I can’t tell you how many dogs I’ve stopped for, but it’s a lot. K pulls over, too- both when I’m with him and when I’m not. It’s an easy thing to do and you’re saving a life.
Rescuing a dog is as simple as stopping the car, opening your car door, and whistling. That said, sometimes it goes better if you’re prepared. To help you out, I put together this little kit as an example.
Box includes: Sterlite box (94 cents), large or medium collar ($4), leash ($5), wet wipes ($3), dog treats that won’t expire or spoil in the heat (training treats or Milk Bones $3), an old towel (TOTAL COST: $15.94)
Please note- you absolutely don’t need these things to rescue a dog; I’ve only just put this kit in my car.
Also, here are a few tips:
- If the dog seems friendly but won’t come to you for a milk bone, try something more tasty to coax them over.

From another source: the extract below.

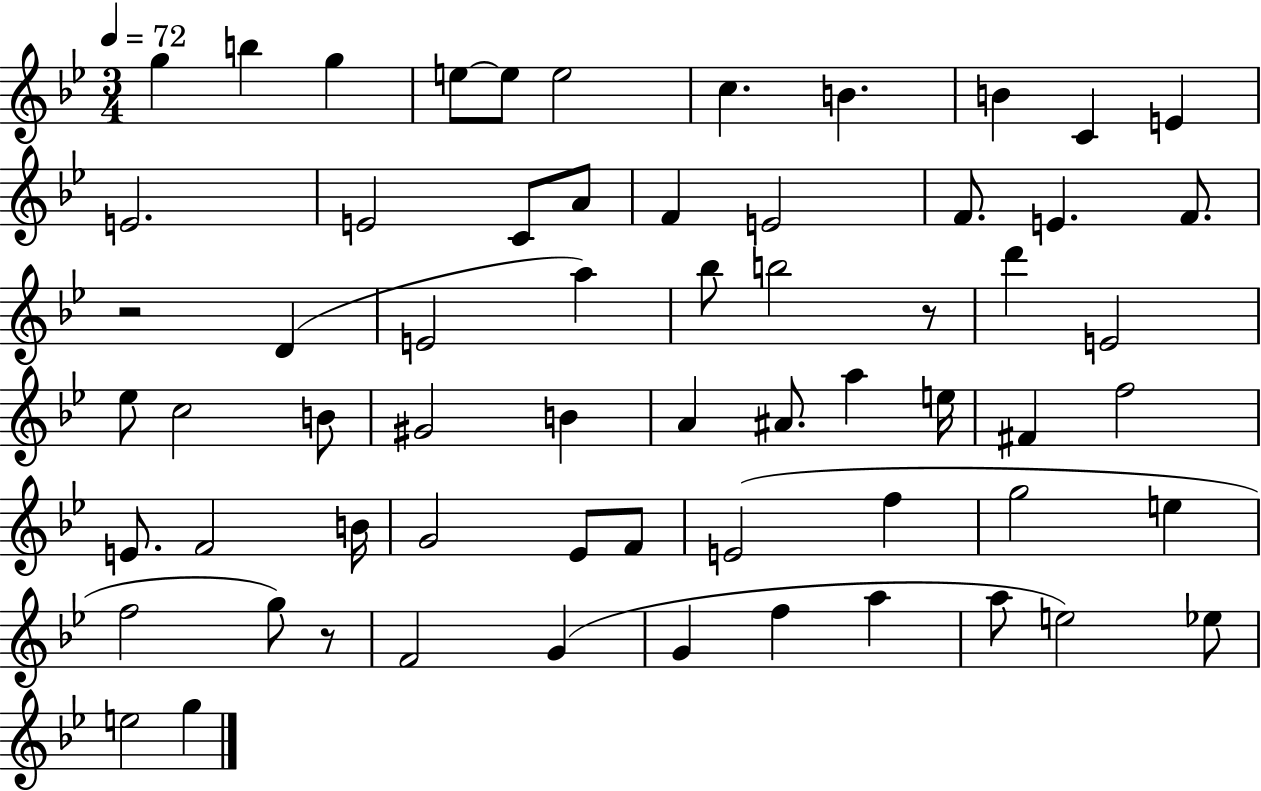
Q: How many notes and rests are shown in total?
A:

K once used a blueberry muffin from his lunchbox.
- Do not immediately reach for the dog’s collar. Let the dog smell you and warm up to you first.
- If the dog has dog tags you can call into the county/use their website and get the owners information. In Ohio it’s on the county auditor’s page.
- Get a picture and description of the dog to local veterinary clinics, radio stations, and shelters. Also, take the dog to a vet to see if there is an embedded chip with the owner’s information.
Sometimes you’ll pull over to help a dog and the owner will pop out the front door of a house 25ft away and yell at you. Shake it off- it’s their fault for letting the dog wander away. And honestly, sometimes people are just shitty and you come across a dog that’s been dumped. (That happened to us and we ended up keeping Melody for her remaining years. She was a lover.)
If you’ve never stopped for lost pets I hope you’ll reconsider. And if you’re the kind of owner that lets your dog run all over the town PLEASE stop doing that. I firmly believe we make it through life because we look out for one another, and that includes animals.
Keep an eye out for lost fur-babies during these warm summer months.